Opinion
The Church And Nigeria’s Problem
At an Apostolic Summit held in Lagos in November 2009, participants expressed disdain at the level of crises bedeviling all sectors of Nigeria.
They were particularly sad that Nigeria, which will mark 50 years of its independence this October, is wobbling after squandering opportunities that would have made it one of the most developed nations in the world.
Above all, participants were sad that the Church, which should seek solutions to the myriad of problems facing the nation, was itself part of the rot.
The quest for a solution to identified problems at that summit gave birth to the Christian Consultative Forum (CCF) led by Pastor Ayo Oritsejafor.
According to Oritsejafor, the forum is focused on ridding Nigeria of incessant violence, injustice, ineptitude, abuse of office by leaders, corruption and irresponsibility in the corridors of power.
The forum is also out to stop Christians’ indifference toward proffering lasting solutions to the nation’s problems.
The Pastor said that the church must lead the quest for a better Nigeria. He noted that major reformations recorded in other shores came about because God raised voices that “passionately, artfully and powerfully communicated the truth.
“We hope that the Forum will mobilise credible Christians to reverse this trend by making meaningful contributions socially, politically and financially.
“We also hope that this ideal can be achieved on the platform of the CCF, whose objective is to transform Nigeria into a progressive developed nation through the Church,” Oritsejafor stressed.
Quoting the Scriptures, he referred to Christians as “the Church of the living God, the pillar and the ground of truth”.

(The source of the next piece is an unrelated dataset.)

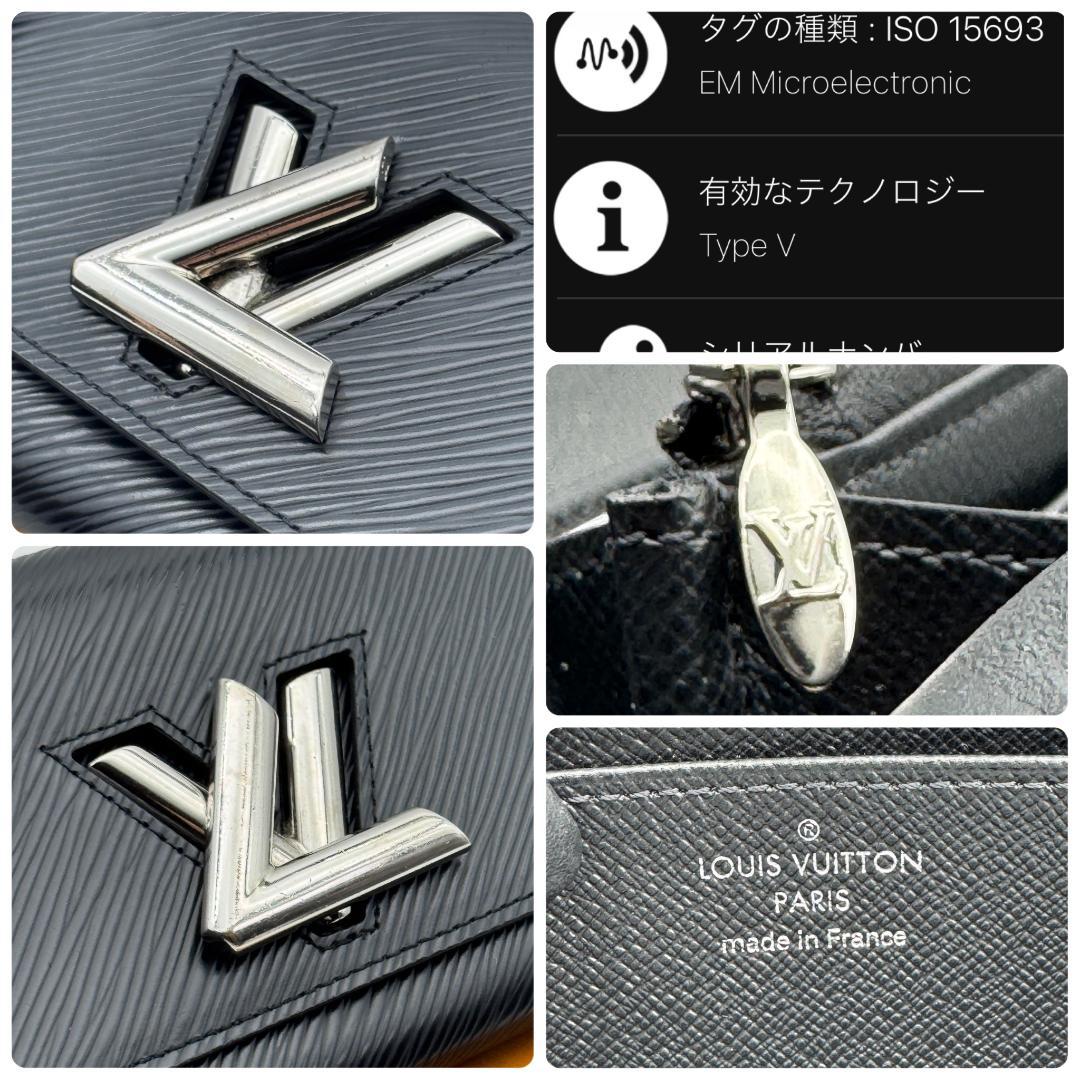 新型 ルイヴィトン ポルトフォイユ エピ ツイスト 財布 IC A6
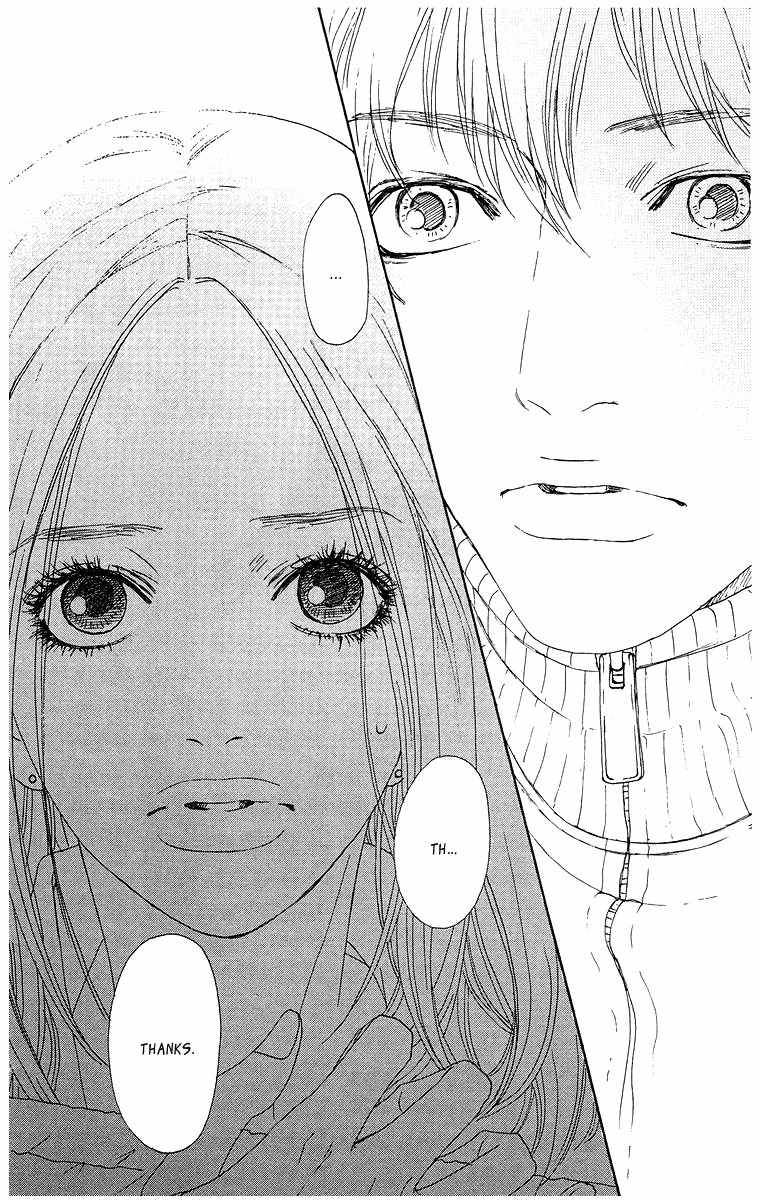 Tenshi no Tamago Chapter 0 page 15 - Chapter 0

While noting that Christians were called the “salt of the earth and the light of the world” in the scriptures, he said that such was a reference to their commission to be solution providers to human problems.
“Christians must be awakened and their hearts stirred up to act concerning issues on ground. It is imperative that it be done now.
“We believe the time is right for Christians to take a bold step towards solving problems in the nation’s affairs. There is the need for Christians to act now; not tomorrow; not later, but now,” he said.
Like Oritsejafor, many Christians have noted that the 50th year is usually celebrated in the scriptures as the year of jubilee, freedom, correction, restoration and a new beginning.
Pastor Adamu Buba of the ECWA Church, Nyanya-Abuja, said “this is Nigeria’s 50th year after independence and it is usually a year of jubilee and new beginnings. Today, I urge all Christians to act.’’
Adamu challenged Christians to actively participate in the efforts toward regenerating the nation and urged Christian experts and professionals to lend their strong voices to the issues.
He also urged Christians in “the media to broadcast and preach true Christian ethics and practices until blindness to what is right ceases to plague the society”.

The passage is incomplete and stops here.